Quasars can be used to verify the parallax zero-point of the Tycho-Gaia Astrometric Solution
Daniel Michalik, Lennart Lindegren

TL;DR
This paper demonstrates that quasars can be used to independently verify the Gaia parallax zero-point in early data releases by incorporating prior proper motion information, achieving high precision despite observational challenges.
Contribution
It introduces a method to use quasars with prior proper motion data to verify Gaia's parallax zero-point early in the mission, even with short observation intervals.
Findings
Parallax zero-point for quasars can be determined with a few microarcseconds uncertainty.
The method remains robust despite quasar proper motion variability and star contamination.

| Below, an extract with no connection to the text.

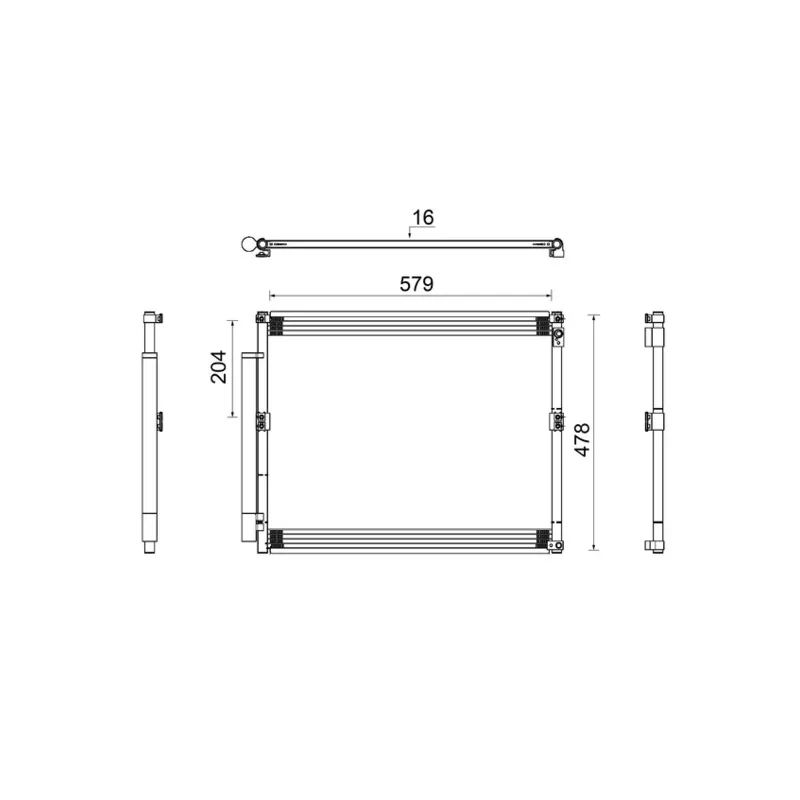 Condenseur, climatisation MAHLE AC 838 000S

Verification is feasible with less than one year of Gaia data.
Abstract
Context. The Gaia project will determine positions, proper motions, and parallaxes for more than one billion stars in our Galaxy. It is known that Gaia's two telescopes are affected by a small but significant variation of the basic angle between them. Unless this variation is taken into account during data processing, e.g. using on-board metrology, it causes systematic errors in the astrometric parameters, in particular a shift of the parallax zero-point. Previously, we suggested an early reduction of Gaia data for the subset of Tycho-2 stars (Tycho-Gaia Astrometric Solution; TGAS). Aims. We aim to investigate whether quasars can be used to independently verify the parallax zero-point already in early data reductions. This is not trivially possible as the observation interval is too short to disentangle parallax and proper motion for the quasar subset. Methods. We repeat TGAS…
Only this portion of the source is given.